In my thirties I find experiences stressful. Am I having enough fun? Should I be taking photos? If I don’t share at least a snippet of this on my phone to other people, did it even happen? And the opportunity costs! If I go to this cafe, what if I miss out on a highly rated other restaurant that I’ll never have a chance to visit again? What if I don’t see all the sights? What if my favourite song actually doesn’t feel as moving live as it does on the sound-engineered record?

These days I live for routine. Planning ahead, making sure every part of my day will be like an array of aligned dominos just waiting for me to knock them over and surf the dulcet clack-clack-clack all the way to the next day. I always have a delicious fruit smoothie for breakfast. I know when my coffee and gym will fit between work meetings. Incidental exercise always happens at the right times of the day. I never need to iron a shirt at the last minute, or work out what to eat for lunch, or find myself bored.

This routine isn’t clockwork. On the contrary, every week I find ways to rearrange and tweak it, defrosting fruit before bed, adding new recurring meetings to my work calendar, switching fabric softeners. That’s what truly makes me so excited by my routine, not the fact that I enjoy all the mundane parts of my life, but that I am able to schedule them so seamlessly to make more time for more routine.

Melbourne sometimes seems a bit much.

Melbourne sometimes seems a bit much.

Maybe my dependence on routine for my self-fulfilment is the reason I didn’t find my most recent vacation particularly enjoyable. I tried to plan my days there too, where I would buy yogurt and cereal for the AirBnB, when I would get my steps in, how to keep my carry-on luggage below the 7 kilogram limit. It didn’t help both my flights were delayed considerably. No holiday plan survives first contact with a budget airline.

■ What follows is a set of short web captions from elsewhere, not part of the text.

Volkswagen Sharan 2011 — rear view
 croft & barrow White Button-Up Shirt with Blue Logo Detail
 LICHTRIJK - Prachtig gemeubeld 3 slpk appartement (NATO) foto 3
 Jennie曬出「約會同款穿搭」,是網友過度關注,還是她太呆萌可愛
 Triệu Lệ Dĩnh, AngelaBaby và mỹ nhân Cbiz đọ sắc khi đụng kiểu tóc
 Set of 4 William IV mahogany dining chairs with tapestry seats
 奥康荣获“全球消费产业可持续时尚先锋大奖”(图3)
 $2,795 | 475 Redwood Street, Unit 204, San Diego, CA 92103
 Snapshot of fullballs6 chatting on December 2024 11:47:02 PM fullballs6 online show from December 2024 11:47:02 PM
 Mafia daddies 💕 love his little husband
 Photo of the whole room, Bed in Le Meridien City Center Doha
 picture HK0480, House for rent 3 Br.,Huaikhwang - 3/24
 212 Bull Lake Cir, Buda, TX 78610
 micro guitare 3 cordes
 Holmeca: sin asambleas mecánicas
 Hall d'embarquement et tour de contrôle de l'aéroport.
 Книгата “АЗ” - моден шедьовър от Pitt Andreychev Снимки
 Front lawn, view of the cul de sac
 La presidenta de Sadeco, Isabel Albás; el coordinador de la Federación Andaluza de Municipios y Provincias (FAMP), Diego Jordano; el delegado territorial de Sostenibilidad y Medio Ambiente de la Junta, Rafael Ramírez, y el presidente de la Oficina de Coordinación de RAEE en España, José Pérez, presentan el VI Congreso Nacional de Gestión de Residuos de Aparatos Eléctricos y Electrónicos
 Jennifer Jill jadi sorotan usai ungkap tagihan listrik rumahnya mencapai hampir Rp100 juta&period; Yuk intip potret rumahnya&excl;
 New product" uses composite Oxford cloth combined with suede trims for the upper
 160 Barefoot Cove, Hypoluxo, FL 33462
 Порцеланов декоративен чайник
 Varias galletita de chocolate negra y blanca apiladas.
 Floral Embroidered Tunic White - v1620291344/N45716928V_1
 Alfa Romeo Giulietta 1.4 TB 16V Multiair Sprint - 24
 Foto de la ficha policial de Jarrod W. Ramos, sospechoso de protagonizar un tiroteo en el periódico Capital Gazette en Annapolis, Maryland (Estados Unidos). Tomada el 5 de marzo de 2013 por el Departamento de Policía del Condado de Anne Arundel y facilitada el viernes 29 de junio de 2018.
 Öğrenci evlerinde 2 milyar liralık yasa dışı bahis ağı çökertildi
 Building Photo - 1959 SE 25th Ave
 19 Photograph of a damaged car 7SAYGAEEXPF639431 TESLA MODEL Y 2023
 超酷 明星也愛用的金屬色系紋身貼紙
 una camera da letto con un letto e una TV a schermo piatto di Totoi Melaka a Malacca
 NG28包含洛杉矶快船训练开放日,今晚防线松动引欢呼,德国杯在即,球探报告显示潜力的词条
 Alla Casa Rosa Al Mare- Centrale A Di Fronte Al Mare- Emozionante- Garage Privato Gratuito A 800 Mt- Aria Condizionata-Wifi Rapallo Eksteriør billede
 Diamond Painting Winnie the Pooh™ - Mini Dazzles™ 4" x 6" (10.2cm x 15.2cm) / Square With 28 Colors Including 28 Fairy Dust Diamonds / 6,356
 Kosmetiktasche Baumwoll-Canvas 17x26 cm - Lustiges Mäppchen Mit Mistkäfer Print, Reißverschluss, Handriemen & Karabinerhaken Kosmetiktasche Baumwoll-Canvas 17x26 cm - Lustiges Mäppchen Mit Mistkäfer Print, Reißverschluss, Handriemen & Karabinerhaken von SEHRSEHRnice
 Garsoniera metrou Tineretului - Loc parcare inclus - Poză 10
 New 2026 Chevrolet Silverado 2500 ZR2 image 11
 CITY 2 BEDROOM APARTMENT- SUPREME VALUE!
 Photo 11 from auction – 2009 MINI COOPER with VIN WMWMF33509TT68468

On my final day in one of the world’s most livable cities I found myself unexpectedly needing to buy lunch and falling apart trying to decide what to eat, how many calories I should allow, how much I should spend. I ended up consuming an over-cooked and underwhelming chickpea burger for $20 on the corner of two dead downtown streets, then arrived at the airport over an hour too early for my flight home.

The best thing about a routine is that if you fail to appreciate your breakfast, your walk, your coffee, your conversation, you know that the next chance to savour it is only a day away.